The plot, after the manner of the whole series, soon starts to resemble the serpentine digressions of an espionage thriller as an ancient Demon-God called The Two in One returns to reassert its dominion.To forestall the destruction of all life on Earth, even the Others, Gorodetsky has to gather together a convocation of of the heads of all the vampires, witches,prophets, shapeshifters and magicians. This then is the Sixth Watch: a sort of Seven Samurai -like defence league.
I stifled yawns through some of the portentous details about rituals and incantations and so on and so lost the thread at times. The fresh and vivid rendering of being at a witches rally and a vampire conference brought a smile to my face though.
Lukyanenko’s wining trick is to merge his world of paranormal events with quotidian domesticity.
As Gorodetsky prepares an omelette for his spunky fifteen year old daughter, who is also a prime target for the dark forces at play, he reminds her that putting too much salt in it would be bad for her health.
Lukyanenko also offers a nice line in ironic humour as shown in the following exchange with a doctor called Ivan:
`I once met a man who mixed petals into his tea, said Ivan, pouring the strong brew before diluting it with hot water.`It was disgusting muck. And what is more tose petals were slowly poisoning him`
`So how did it all end?` I asked.
`He died`, the healer said shrugging. `Knocked down by a car. `
What gives Lukyanenko’s writng its idiosyncratic flavour are the jaundiced observations on the urban life of today which always make you sit up even if they appear curmudgeonly. There is, too, the refreshing fact that in this novel we get a hero who is not a detached brainbox nor an alcoholic divorcee, but a family man.
The fairytle like climax put me in mind of Nikolai Gogol’s Viy (1835) and made any tedium I had thus far tolerated seem worth it. Also it did seem to make any further resurrection of the series well-nigh impossible.

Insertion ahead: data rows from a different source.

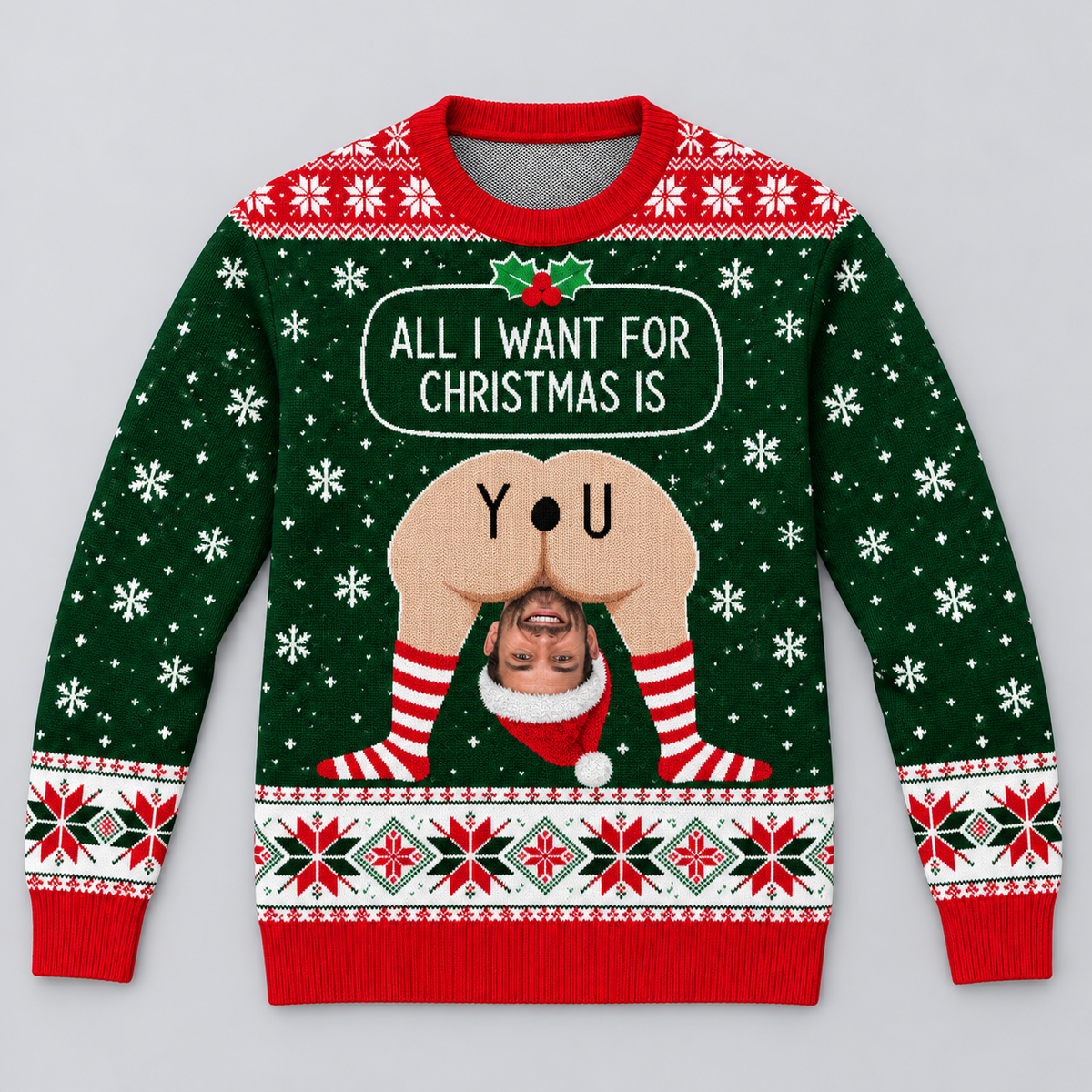 Funny Ugly Christmas Sweatshirt All I Want Novelty Holiday Pullover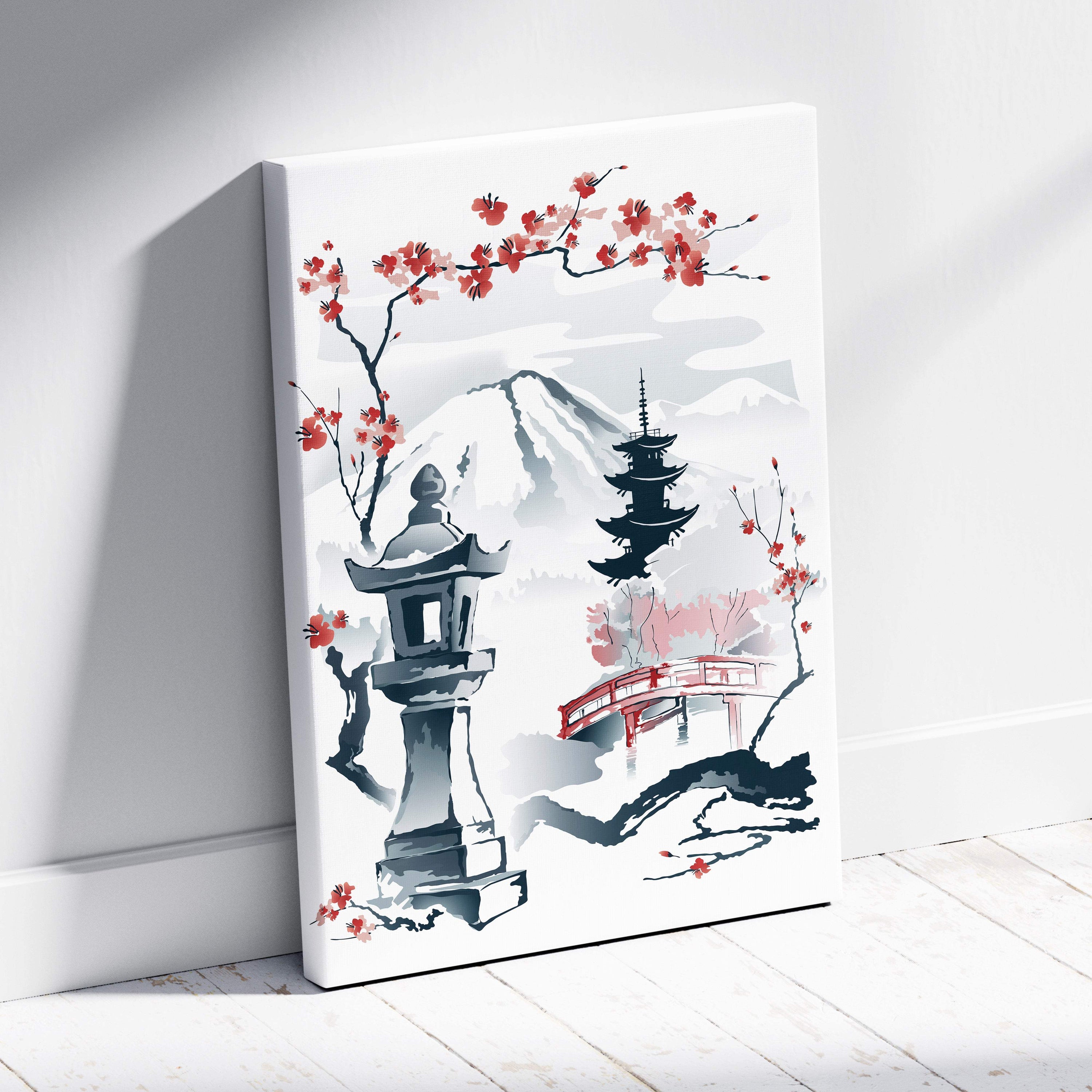 Minimalist Mount Fuji Japanese garden canvas print with red cherry blossoms black stone lantern and pagoda against mountains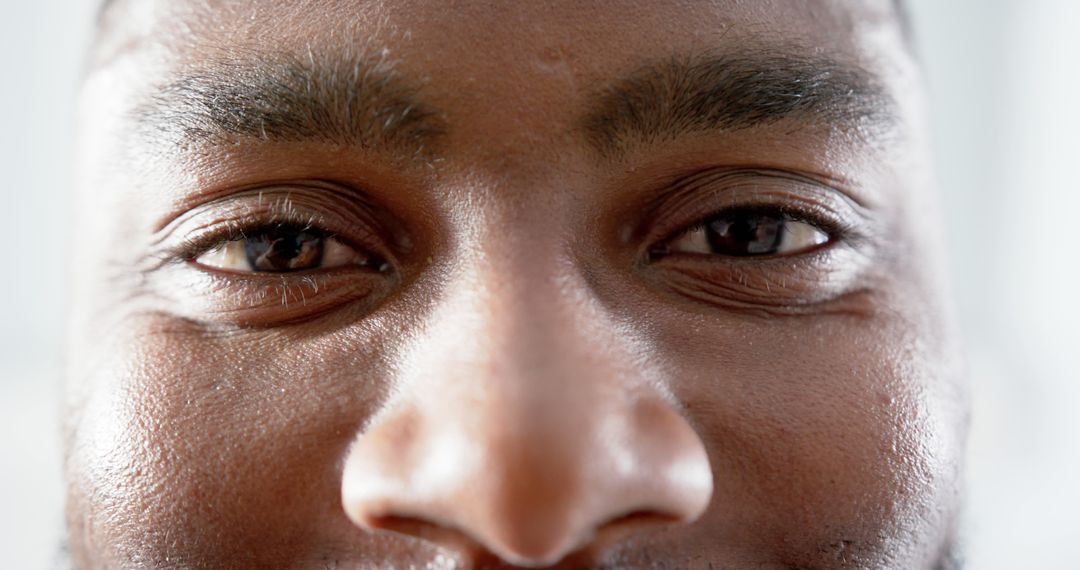 Portrait of happy eyes of african american man in hospital - Free Images, Stock Photos and Pictures on Pikwizard.com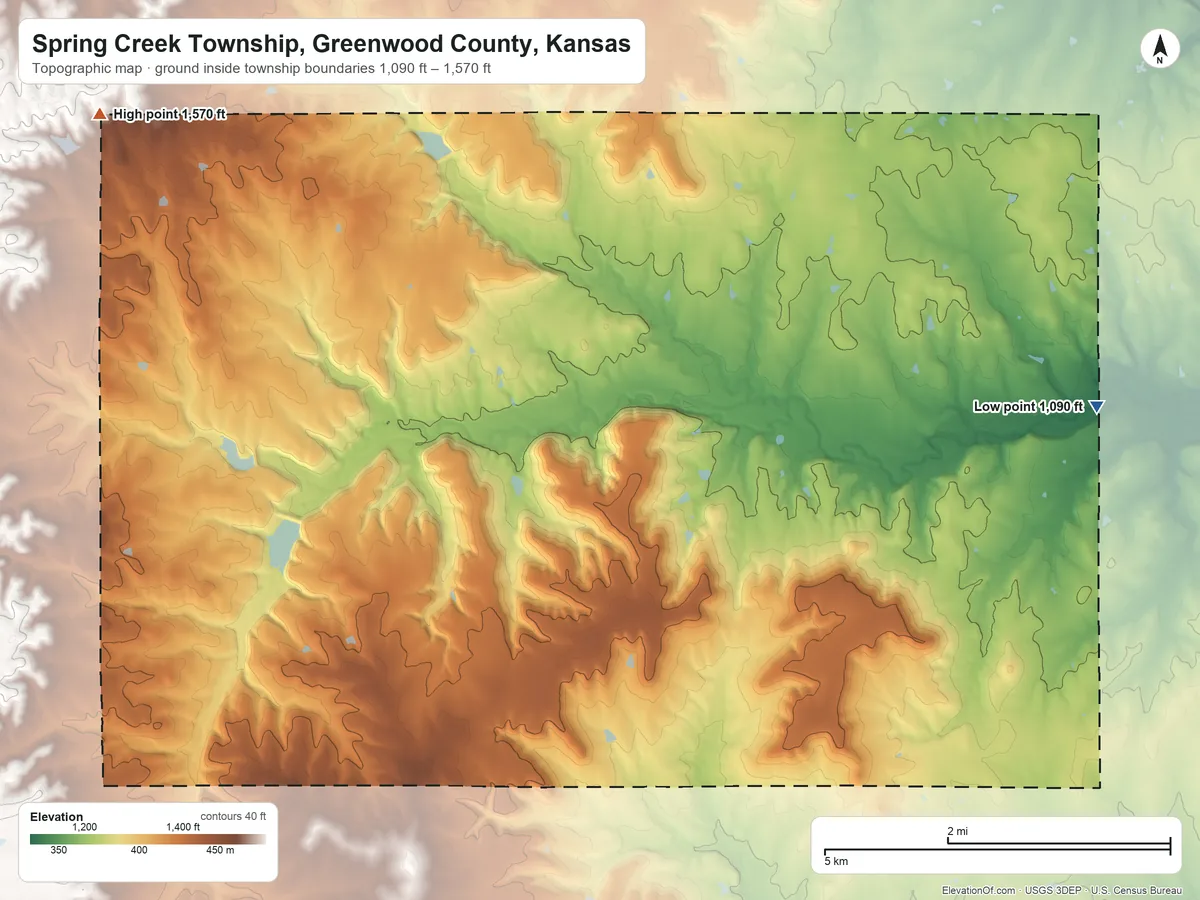 Topographic elevation map of Spring Creek Township, Greenwood County, Kansas, shaded from 1,090 ft on the east side to 1,570 ft on the west side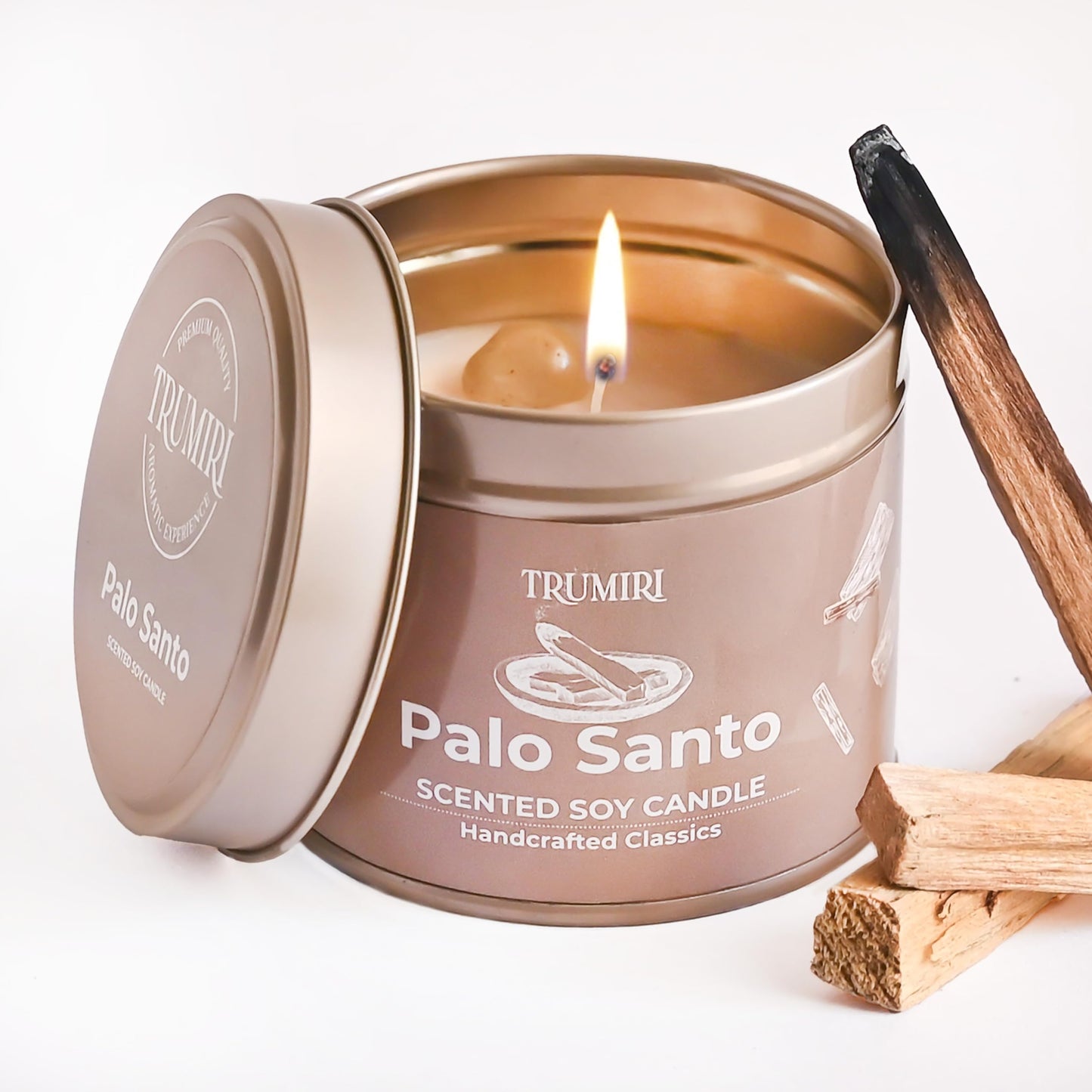 Palo Santo Candle for Home - Highly Scented with Citrine Crystals - 5oz Soy Wax Organic Non Toxic for Aromatherapy Relaxation Meditation - Room Decor for Men - New House Essentials - Pet Safe Candel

Andrew Bromfied, that busy and ubuiquitous Yorkshireman who also brought the mini-classic Headcrusher to an Anglophone readership, seems to have engaged with Lukyanenko’s intentions quite well here. One or two moments of wooden dialogue aside, you would be unaware that you are reading a translation most of the time.
Mixed reception.
How are the Western fanboys and girls taking the shutters coming down on their cherished series?
Not so well.
On Youtube Polyanna’s Bookclub opines: `You can’t just end it like that – there’s got to be something next!` Over in Goodreads an Esteban Siravegna is more forthright:
`It feels as if Lukyanenko got fed up with the saga and decided to end it for once and for all, or that he needed the money`.
Man at a crossroads.
But Lukyanenko, as his folksy website makes clear, has other frogs legs and spider’s webs on the boil. He has made a foray into alternate world fantasy with Rough Draft (Chernovik) which was filmed, to muted reviews, in 2018. He is also a fixture on the video games in industry.However, if he were to conjure up a new Watch novel a few moons hence, I would not be so surprised. Seven is a magical number, after all.